OSCAR MURILLO JOINS KURIMANZUTTO
Oscar Murillo has developed a multifaceted and inventive art practice, which constantly probes questions of collectivity and shared culture, while being fundamentally connected to the affective qualities of different materials.
Murillo’s work create a social dimension that exists at the border between performances and events. He has invited collaborators to participate in actions including walking through New York or travelling between UK cities carrying mateos (traditional papier-mâché figures made in Colombia), painting swathes of linen black in locations around the world, or holding a party for friends working in the cleaning industry in London called Serpentine Late.
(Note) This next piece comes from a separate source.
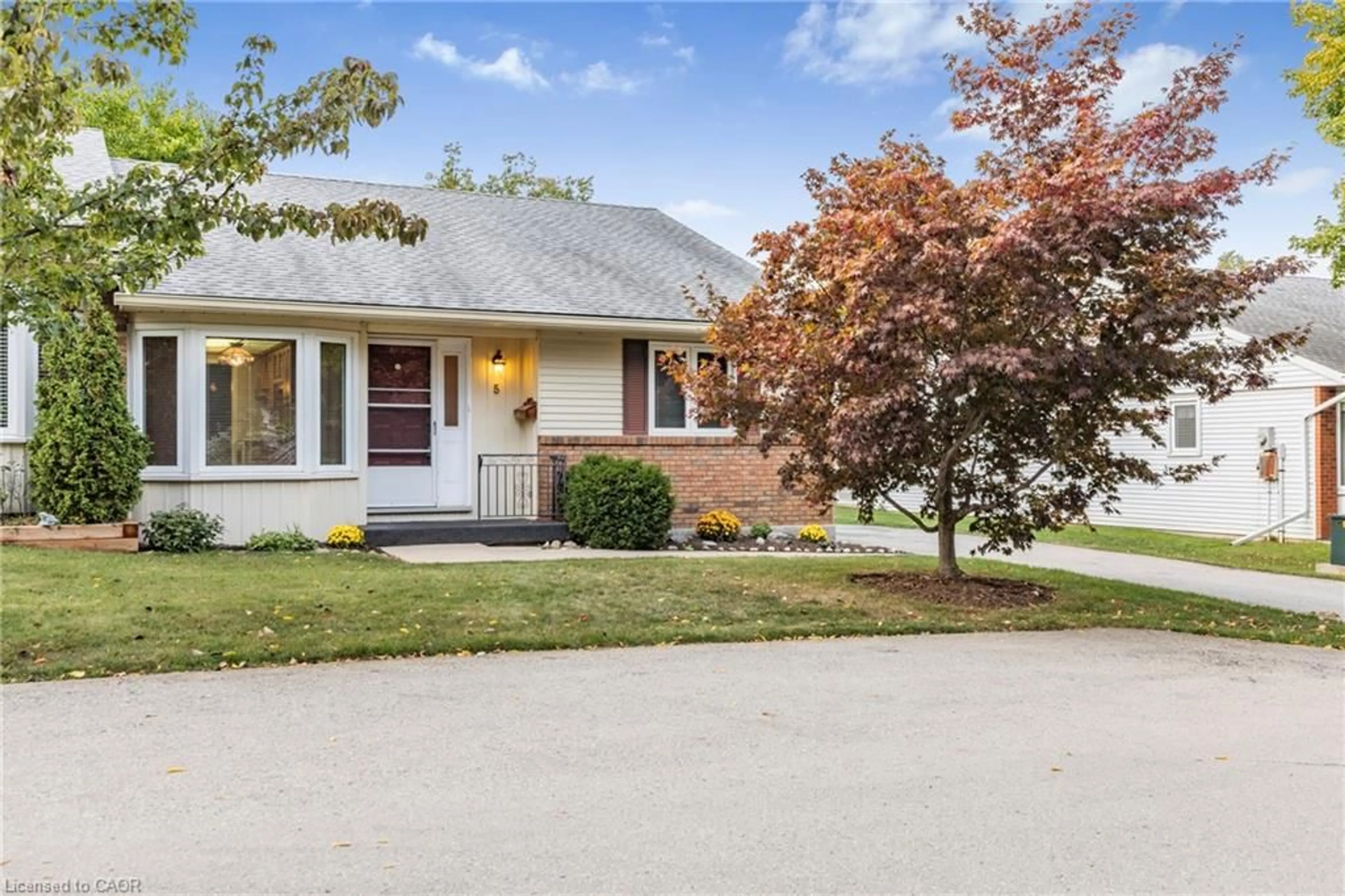 Unknown for 4 Rossmore Ave #5, Grimsby Ontario L3M 3E3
His nuanced projects involve others as participants, as opposed to merely viewers, and point to a perpetual curiosity into complex issues of global social and economic relations, community, and spectatorship.
Murillo possess distinct and arresting material qualities. He is known for large-scale paintings which combine fragments created at different times, in different locations and using a variety of techniques, notable for their use of expressive and energetic mark-making. The artist is also recognised for creating immersive installations, combining materials such as draped black canvas; rock-like sculptures formed of corn and clay; rusted metal bed frames; and furniture including antique church pews. These experiential and unique works, which can often be found in unusual settings, such as inside functioning churches, schools or outdoors, are testament to the artist's commitment to the affective power of material to convey complex meditations on contemporary society.
From September to December 2021, Oscar Murillo installed Ética y Estética at the church and convent of San Agustín Tekantó, in the state of Yucatán, México, where Murillo lived and worked while producing the project. Here, the artist continued his series surge, which features layered, gestural strokes in oil paint that flow horizontally across the canvas. In the works produced in Yucatán, the artist used the Maya blue, a unique bright azure blue pigment manufactured by cultures of pre-Columbian Mesoamerica from the region. Murillo consciously evokes the waterlilies by Claude Monet, executed when the artist's vision was impaired by cataracts. The artist relates impaired vision to a 'social blindness' which he perceives as pervading contemporary society.
The artist also created a reinterpretation of the traditional catholic via crucis installed on-site alongside the surge paintings. In this other series, Murillo individually responds to fourteen images hanging in the aisles of the church that depict the stages of Christ on his way to the crucifixion. His own paintings were displayed in dialogue with the original works and show abstract representations of the scenes. Murillo also intervened the ruin of the 16th century convent adjoining the church by placing oil paintings inside empty niches, directly exposing the works to the climate of the Yucatán jungle.